Univariate Location and Scale Estimation

DESCRIPTION:

Returns a list containing robust estimates of location and spread of univariate data using the least trimmed squares (LTS) estimator (Rousseeuw 1984, 1985). location.lts uses the exact algorithm of Rousseeuw and Leroy (1987, pages 171-172).

USAGE:

location.lts(xvec, quan=floor(length(xvec)/2)+1) 

REQUIRED ARGUMENTS:

xvec
a vector containing the observations of which the location has to be determined. Missing values ( NAs) and Infinite values ( Infs) are not accepted.

OPTIONAL ARGUMENTS:

quan
the number of observations of which the empirical variance will be minimized. In general, quan must be an integer between the default value and n=length(xvec).

VALUE:

a list containing the solution with components:
loc
an estimate for the location of the data.
scale
an estimate for the spread of the data.

DETAILS:

Let n be the number of univariate observations. The LTS method (Rousseeuw 1984, 1985) estimates univariate location and scale. The location estimator is defined as the mean of the subset that contains quan observations, and that has the smallest sum of squared deviations from the subset mean. The scale estimator is essentially the square root of this smallest sum of squares divided by quan.

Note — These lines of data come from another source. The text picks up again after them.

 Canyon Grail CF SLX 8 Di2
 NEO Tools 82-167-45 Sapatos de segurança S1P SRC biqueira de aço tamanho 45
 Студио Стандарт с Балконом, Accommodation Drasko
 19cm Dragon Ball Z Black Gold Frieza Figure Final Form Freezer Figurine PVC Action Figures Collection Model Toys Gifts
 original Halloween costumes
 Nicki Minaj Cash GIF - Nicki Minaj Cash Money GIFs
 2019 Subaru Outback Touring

The exact algorithm (Rousseeuw and Leroy, 1987, pages 171-172) proceeds as follows. First the observations are ordered. The means of the successive quan-subsets are computed. (Note that not all quan-subsets have to be considered, because an optimal quan-subset must consist of contiguous observations). For the location estimate, the mean of the half with the smallest sum of squares is returned. If there are several such halves, the low median of their centers is returned. The scale estimate (which is always unique) is the square root of the smallest sum of squares divided by quan. Throughout the algorithm, the means and the sums of squares are computed by update formulas.

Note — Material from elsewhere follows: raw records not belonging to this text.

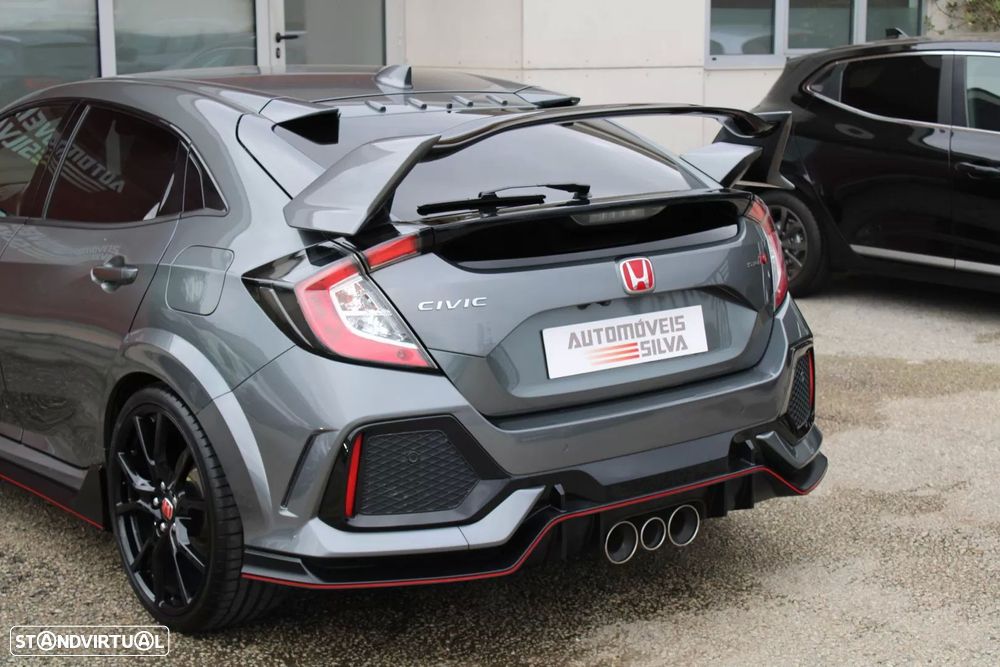 Honda Civic 2.0 i-VTEC Type-R GT - 12
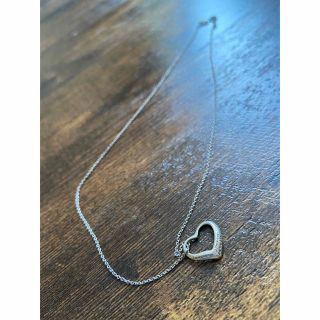 限定価格セール! ハワイの専門店で購入‼️ティファニー定番18K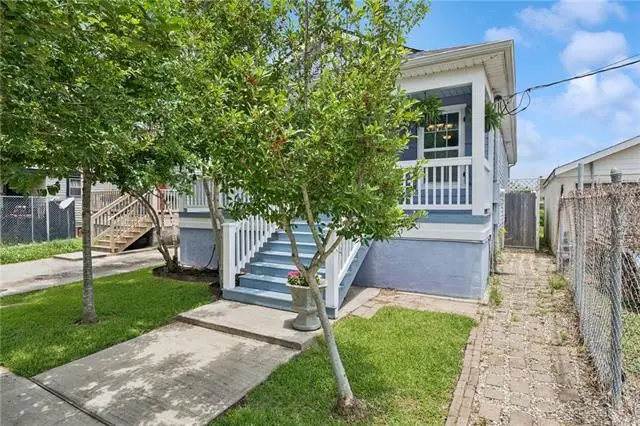 3155 N Rocheblave Street, New Orleans, LA 70117 - #1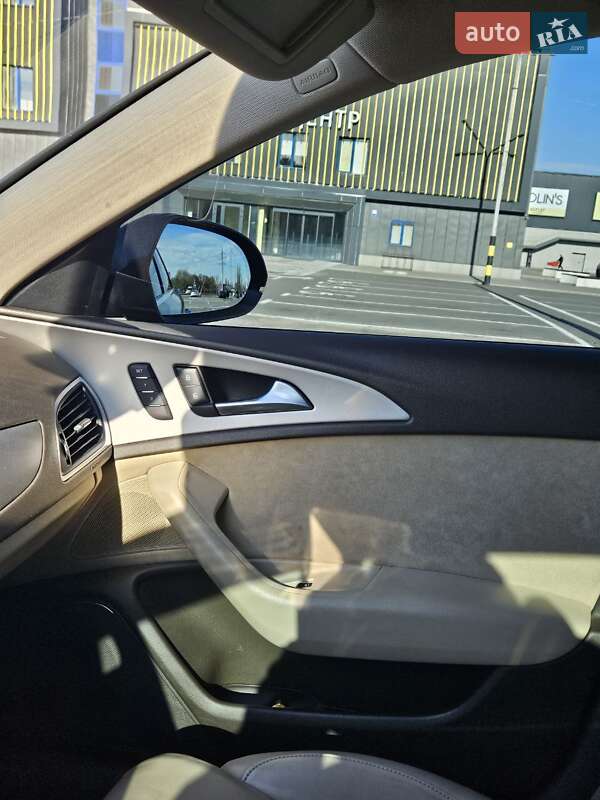 Седан Audi A6 2015 в Киеве фото 22 Седан Audi A6 2015 в Киеве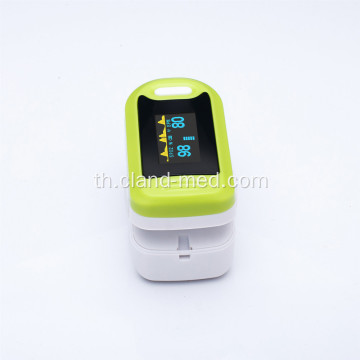 ปลายนิ้วชีพจร Oximeter แบบพกพาคุณภาพดีที่สุด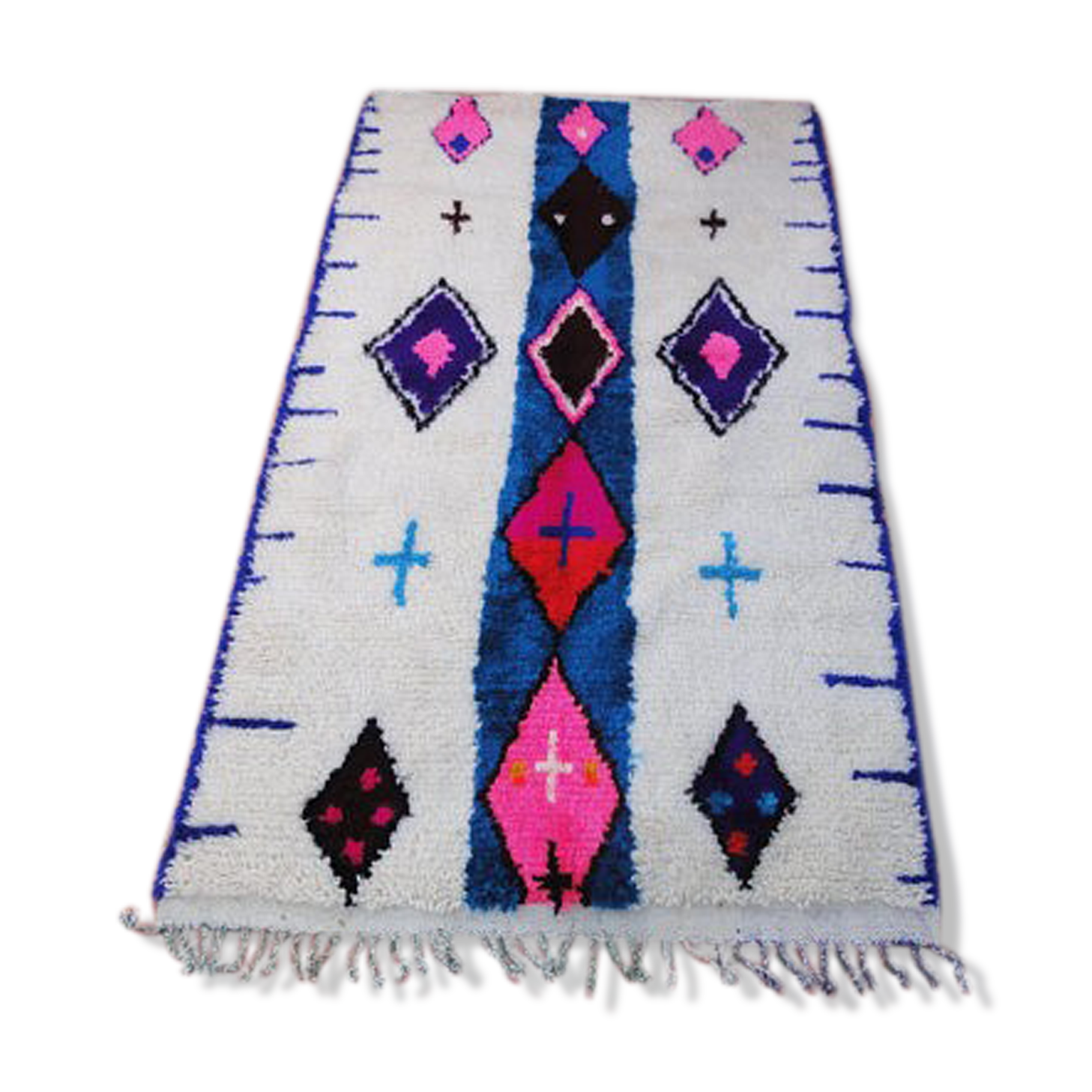 Azilal carpet 210 x 119 cm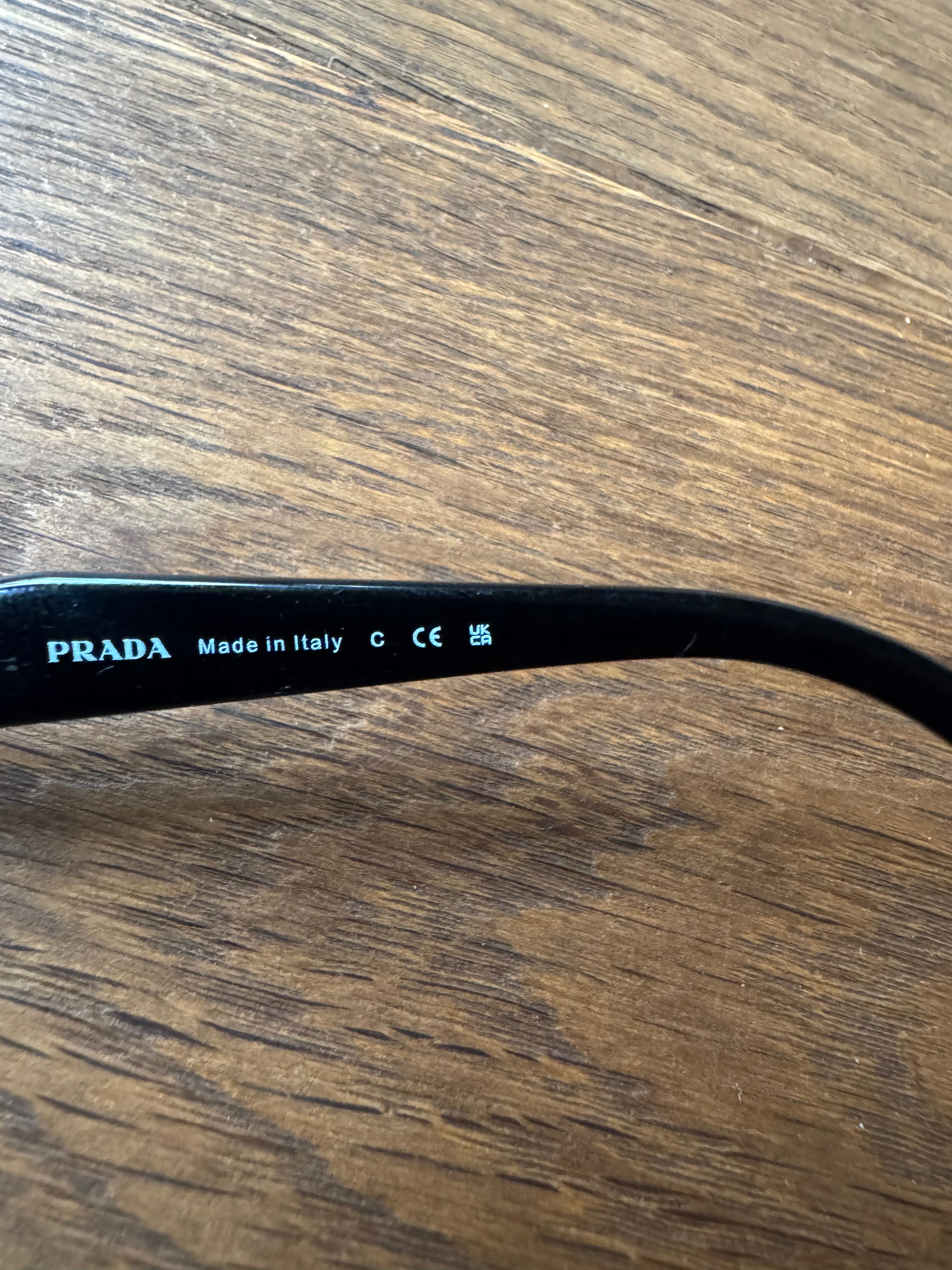 Okulary Prada ZVN09T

The univariate location and scale estimator can be considered as a particular case of the general regression model. The method of LTS location is a special case of ltsreg. Also the minimum covariance determinant estimator reduces to LTS location in one dimension. For quan=n, the LTS location is the average of all n observations.

BACKGROUND:

The LTS estimator has breakdown value 50% when using the default quan. That is, the estimate cannot be pulled arbitrarily far away without changing about half of the data. For a larger quan, the breakdown value is roughly (n-quan)/n.

REFERENCES:

Rousseeuw, P. J. (1984). Least median of squares regression. Journal of the American Statistical Association , 79, 871-881.

Rousseeuw, P. J. (1985). Multivariate estimation with high breakdown point. In Mathematical Statistics and Applications. W. Grossmann, G. Pflug, I. Vincze and W. Wertz, eds. Reidel: Dordrecht, 283-297.

Rousseeuw, P. J. and Leroy, A. M. (1987). Robust Regression and Outlier Detection. New York: Wiley.

SEE ALSO:

, .

EXAMPLES:

x <- c(90,93,86,92,95,83,75,40,88,80) 
sort(x) 
mean(x) 
median(x) 
location.lts(x)